PROVIDED INFORMATION:

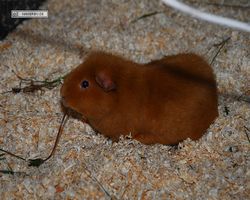 9. Große Bayerische Meerschweinchenschau 2011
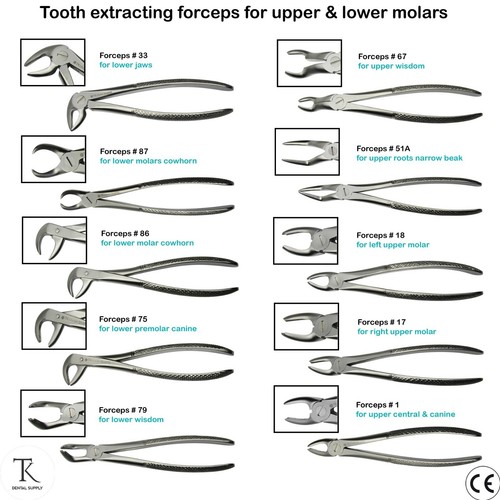 Tooth extracting forceps for - tooth,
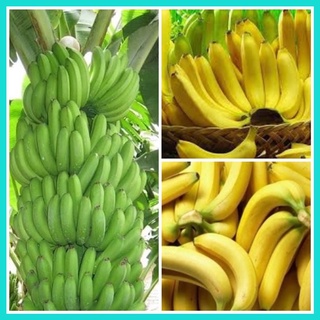 Cây giống chuối lân đà lạt cấy mô
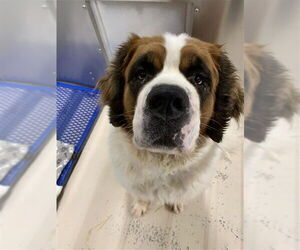 Saint Bernard Dogs for adoption in Fairbanks, AK, USA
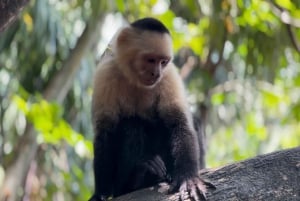 Nationaal park Cahuita en paardrijden - privétour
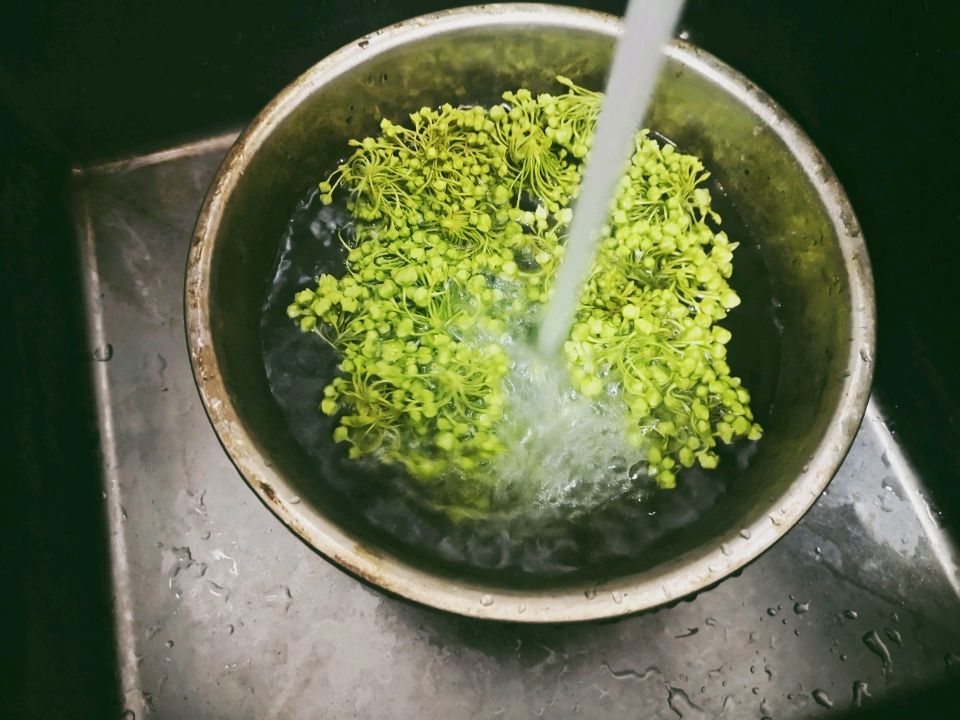云南百花宴～干椒蒜香苦菜花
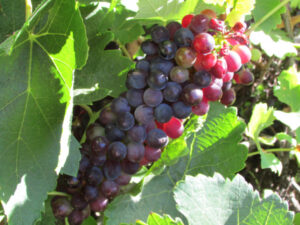 Broad calls for fairer grape prices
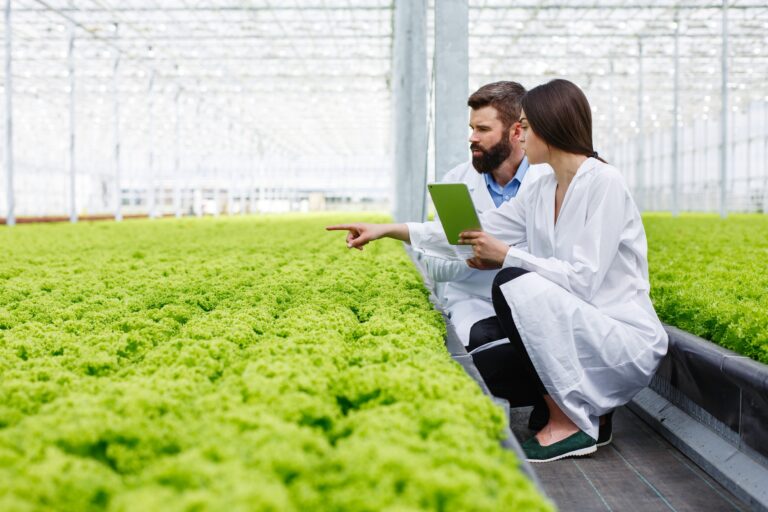 two researches man and woman examine greenery with a tablet in a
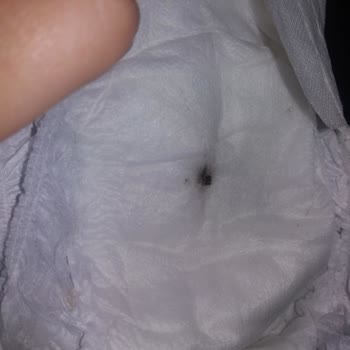Baby Turco Baby Turca Bezin İçinde Bisi Cıktı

WORK INSTRUCTIONS: An exact restatement of the lines from the one holding "Broad calls for fairer grape prices" through the end of the entries, both ends included, is the whole answer. Pictures stay out.

OUTPUT OF THE TASK:
 Broad calls for fairer grape prices
 two researches man and woman examine greenery with a tablet in a
Baby Turco Baby Turca Bezin İçinde Bisi Cıktı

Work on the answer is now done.